AI Sonalake

Sonalake

Nominated Award: Best Use of AI in a Consumer/Customer Service Application

Website of Company:     www.sonalake.com

Sonalake is a software partnering company that helps enterprises to innovate using software. We reinforce existing know-how and data with cutting-edge analytics, automation and visualisation technologies.

Sonalake has deep domain expertise in telecommunications. Over nearly 20 years, Sonalake and its predecessor organisations have delivered over 400 projects to large and small network operators across the globe. We have deployed innovative web-scale telecom management solutions globally with clients such as Vodafone, BT, eir, enet and Three.

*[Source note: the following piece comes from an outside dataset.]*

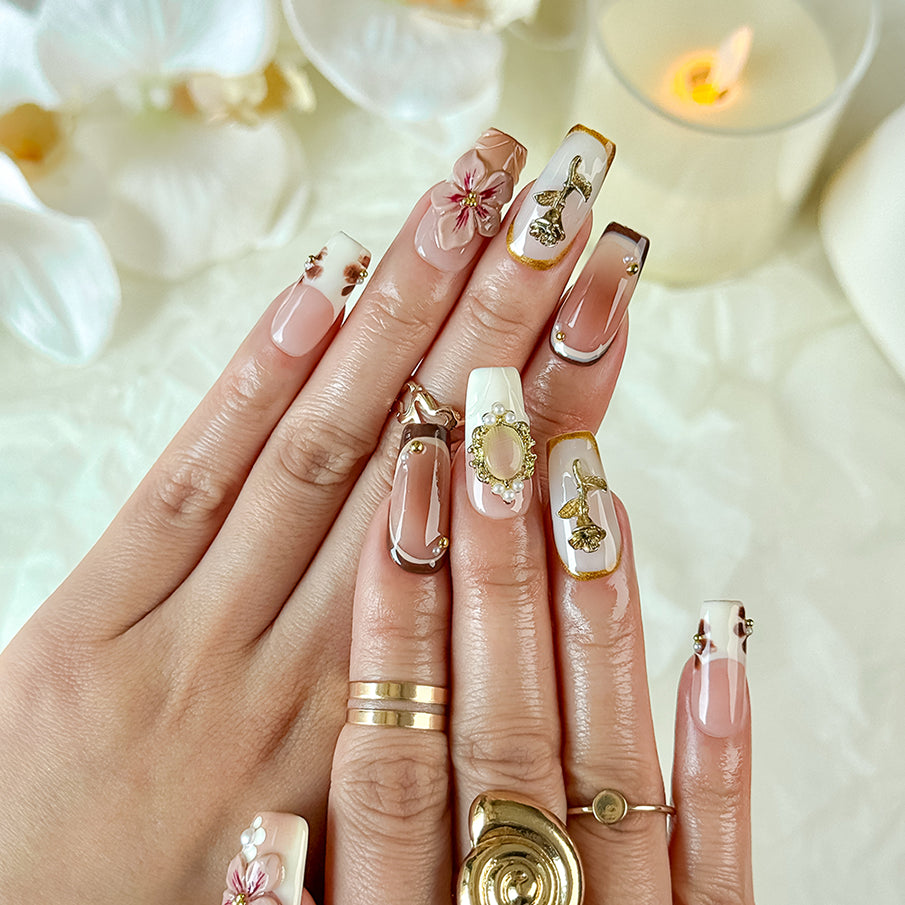 brown and gold nail art medium square brown white press-on nails with floral luxury details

One area of particular focus for us is Network Service Analytics. In 2016, we established a dedicated Analytics Practice within Sonalake to consolidate and further develop our expertise in the area.

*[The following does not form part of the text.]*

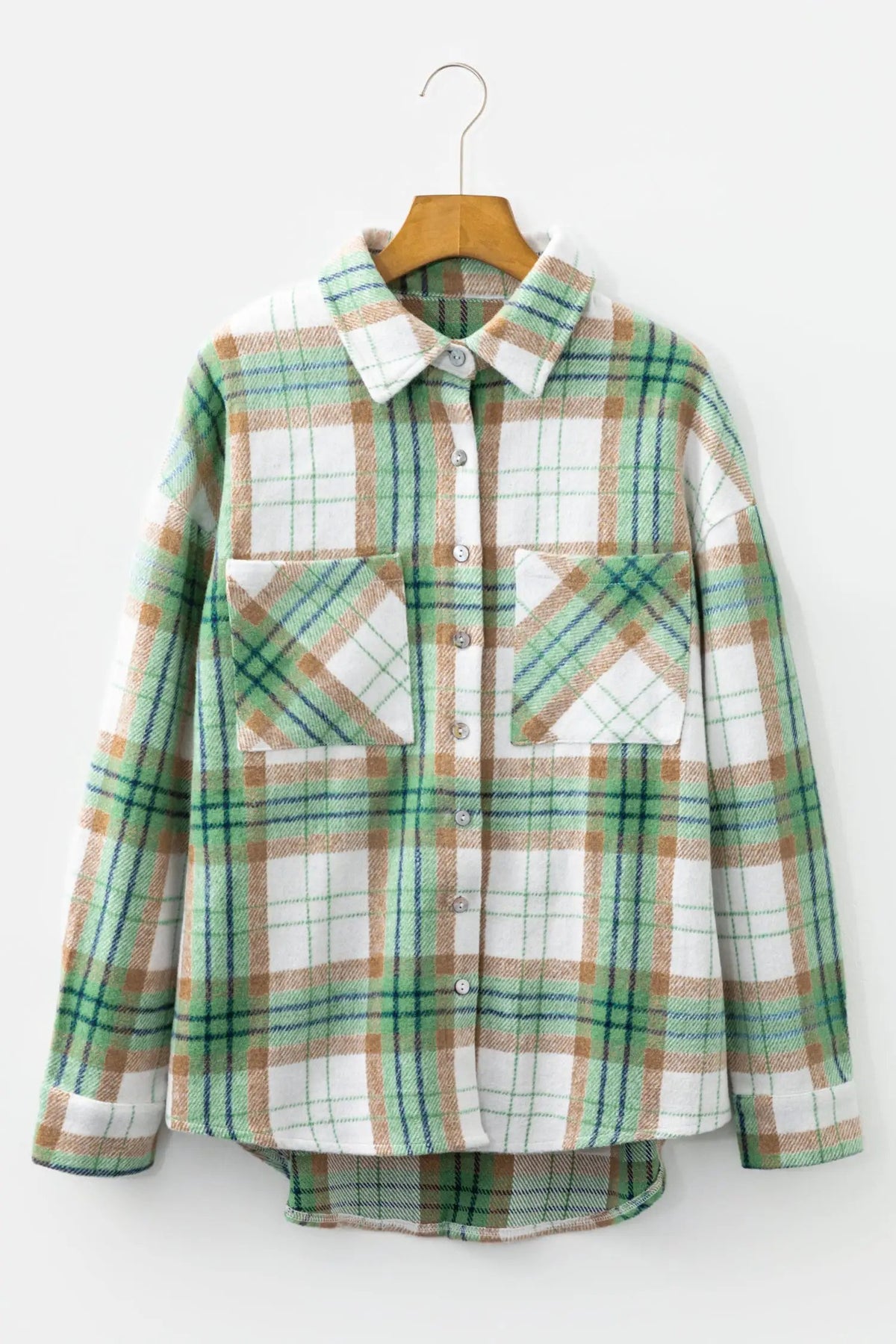 The Josie Plaid Shacket - Khaki — view 4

The Analytics Practice Team grew from just eight people to 40+ specialists and provides strategic advice, systems integration and product solutions to operators and vendors, addressing the most demanding challenges facing the industry.

The team helps enterprise clients analyse how their underlying data can be translated to provide insights and democratised to provide access across relevant user groups.

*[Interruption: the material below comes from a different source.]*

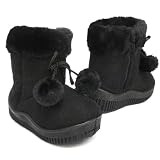 Baby Toddler Faux Shearling Pom Poms Winter Boots Black , 8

The team excels in three main areas:
• Analytics Applications
Custom development of applications that cannot be fulfilled by available COTS products, including embedding analytics modules within vendors’ software products.

• Data Visualisation
Advisory services on the design and presentation of analytics outputs – primarily dashboarding and reporting – based upon expertise in user experience (UX) and the available tooling, including commercial BI and open source software products.

• Data Science
Advisory and development services for advanced analytics features based upon contemporary machine learning and data science capabilities.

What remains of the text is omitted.